AROUND Monte Carlo the mountains crowd down to the sea with such menace as to threaten to push the light-hearted town into the deep, for the sloping ledge to which it holds is narrow. Thus it is that hanging above Monte Carlo is a steep mountain side, half slope, half precipice, green wherever an olive tree or a pine can cling, grey where the rock lies bare or where the cliff soars upwards.

On the summit of this stupendous barrier and at a height of 1,574 feet is La Turbie. Gazing up from the streets of Monte Carlo the place can be located, although neither its walls, nor its houses nor any part of it are visible; but it is indicated by two remarkable objects which stand out clear on the sky line. They are strange and ill-assorted. One of the objects is a vast pillar or tower of stone, of the colour of a wheat stalk. From the Casino garden, half a mile below, it looks like a gigantic brick standing on end and turned edgeways. This is the Roman monument of Augustus erected over 1,900 years ago. The other object, placed by its side, is a coral pink hotel that may have sprung up in the night. Its outline is intentionally fantastic for it is built in “the Oriental style” in the belief that the simple might mistake it for a mosque or a palace of the caliphs. In spite of its appearance it is popular and well esteemed. It is a theatrical creation as gaudy as if it were flooded by a rose-tinted limelight and as out of place on the top of the stately cliff as a cheap Paris bonnet on the head of the Venus de Milo.

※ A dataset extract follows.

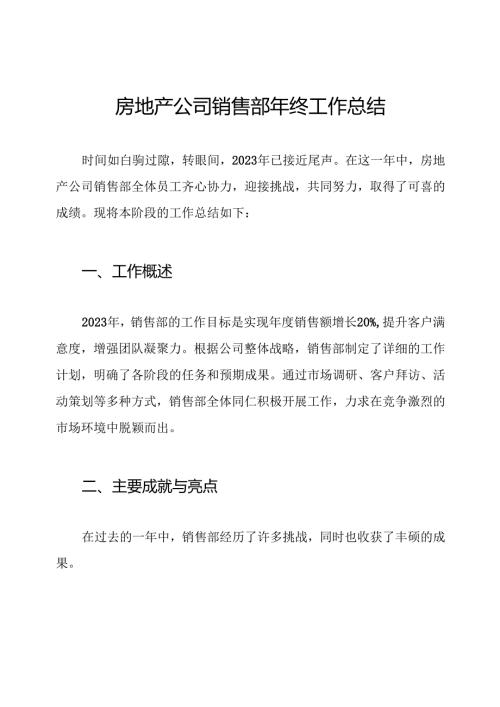 房地产公司销售部年终工作总结.docx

LA TURBIE: THE ROMAN MONUMENT.

There are many ways of reaching La Turbie from the lower ground. For carriages there is the Cemetery road. It is so called, not because it is dangerous to motorists, but because it passes a cemetery. It winds in and out among the prehistoric fortifications of Mont des Mules and Mont Justicier, but is so irresolute, so capricious, so inclined to go any way rather than up hill to La Turbie that the route is exasperating. The track of the road is like the track of a drunken man who has become obstinate and deaf to all persuasions to go straight home.

There are two mule-paths up to the town, one on either side of the Vallon des Gaumates, the Moneghetti path on the west and the Bordina on the east. These paths are at least direct and know where they are going. They are paved with cobble stones, are arranged in long steps, are as monotonous as a treadmill and probably as tiring. They are paths that might have climbed up the penitential heights in Dante’s “Purgatorio.” Still they pass by pleasant ways among the shadows of the olives and the slips of garden piled one above the other on green ledges. Moreover they are the old primitive roads of the country, the roads trod by the mediæval pedlar, by the wandering monk and by the errant knight. Of all works of man throughout the ages they are among the oldest and the least disturbed by change.

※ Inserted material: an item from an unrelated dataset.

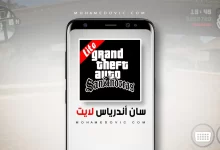 تنزيل GTA SA III Lite APK رابط مباشر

It is possible also to reach La Turbie from Monte Carlo by the rack-and-pinion railway. The traveller sits in a carriage that slopes like a roof and is pushed up hill from behind by an engine that puffs like an asthmatic person overpowered by rage. There are three stations to be passed on the way. Nothing happens at two of these stations except that the train stops. It is merely a ceremonial act. There would be anxiety and inquiries of the guard if anyone got in or got out. One station is in a drear rocky waste, far removed from the haunts of men. The only passenger that could be expected to alight here would be a scapegoat laden with the sins of Monte Carlo and eager to get away from the unquiet world and be lost in the wilderness.

La Turbie, or Turbia, was a Roman town. It stood on the famous road that led from Rome into Gaul. It was a busy and prosperous place that probably attained to its greatest importance about two thousand years ago, for the town goes back to a period before the time of Christ. When La Turbie was at the height of its vigour Monaco was a barren rock. Indeed when the first building appeared upon Monaco La Turbie was already more than twelve centuries old.

The ancient Roman road—the Aurelian Way as it was called—ran from the Forum at Rome to Arles on the banks of the Rhone. Its total length, according to Dr. George Müller, was 797 miles. It was commenced in the year B.C. 241 and its construction occupied many decades.